Associate professor Brent Vernon’s $150,000 NIH Small Business Technology Transfer grant is supporting his partnership with Sonoran Biosciences to develop an innovative delivery system for antibiotics to fight infection in open fracture wounds. Sonoran Biosciences was founded by a team led by Derek Overstreet, who worked in Vernon’s lab while earning his doctoral degree in biomedical engineering at ASU. The project involves a clinical partnership with Alex McLaren, who is with the Banner Health Orthopedic Residency Program.

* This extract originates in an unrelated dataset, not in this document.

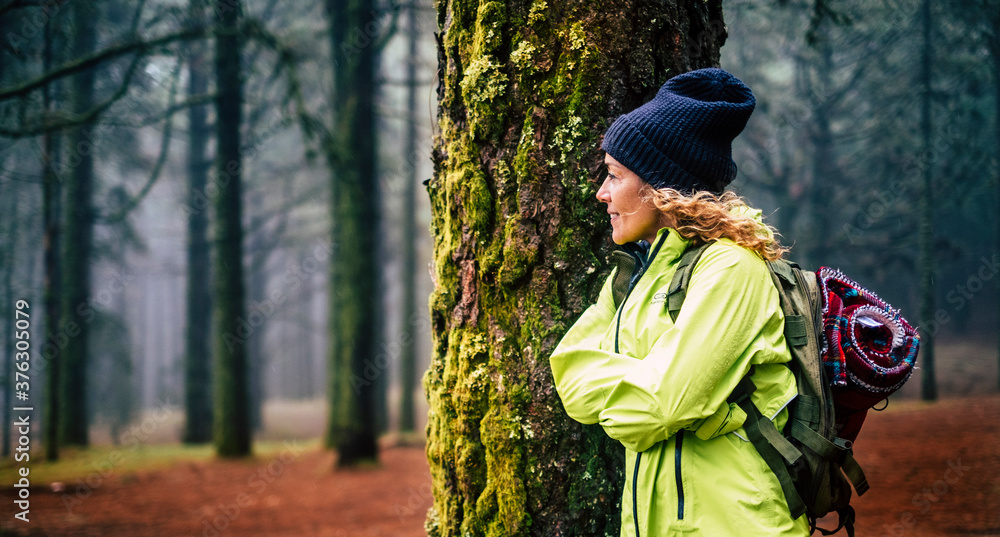 Beautiful woman enjoy the forest wood in outdoor leisure activity - backpack travel and adventure lifestyle - autumn season people enjoying nature and healthy life in a foggy outdoors Beautiful woman enjoy the forest wood in outdoor leisure activity - backpack travel and adventure lifestyle - autumn season people enjoying nature and healthy life in a foggy outdoors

Demonstrating depth of expertise

“For the school’s faculty to get this number of NIH grants in a short span of time is impressive, considering the competition,” said professor Raymond DuBois, executive director of the Biodesign Institute at ASU. “One of ASU's great strengths is the blending of technology science and basic science, and these new grants reflect a coming-of-age for that intersection.”

DuBois himself has been doing research with NIH support for about 25 years, and as much as 40 percent of the research at the Biodesign Institute is funded by the NIH.

The string of grants awarded to researchers in the School of Biological and Health Systems Engineering “demonstrates the depth and breadth of expertise among the faculty, and shows that they are doing research in really important areas,” DuBois said.

Just as extraordinary, Santello said, is that faculty members are earning the kinds of grants that have historically been awarded predominantly to researchers at universities with medical schools on campus.

“These grants are a stamp of approval, a recognition that we are doing research in a wide range of critical endeavors in health and biomedical engineering, and that we have developed a high-quality and thriving research environment,” he said.

Impact on quality of education

A key factor in establishing that reputation, Santello added, are the school’s expanding clinical partnerships with prominent medical institutions, such as the Mayo Clinic, Banner Health, Phoenix Children’s Hospital and Barrow Neurological Institute.

Also helping to bolster the school’s identity is that faculty members are competing for and earning highly sought-after support from other prominent funding sources, particularly the National Science Foundation, the Department of Defense, industry and prominent foundations.

Students in the biomedical engineering program are benefiting from the faculty’s success at attracting high-level research support, as well.

“Students get the opportunity to take classes taught by faculty members who are leaders in their fields, who have diverse specialties, who are involved in high-impact work and are committed to making significant contributions to engineering and science,” Santello said.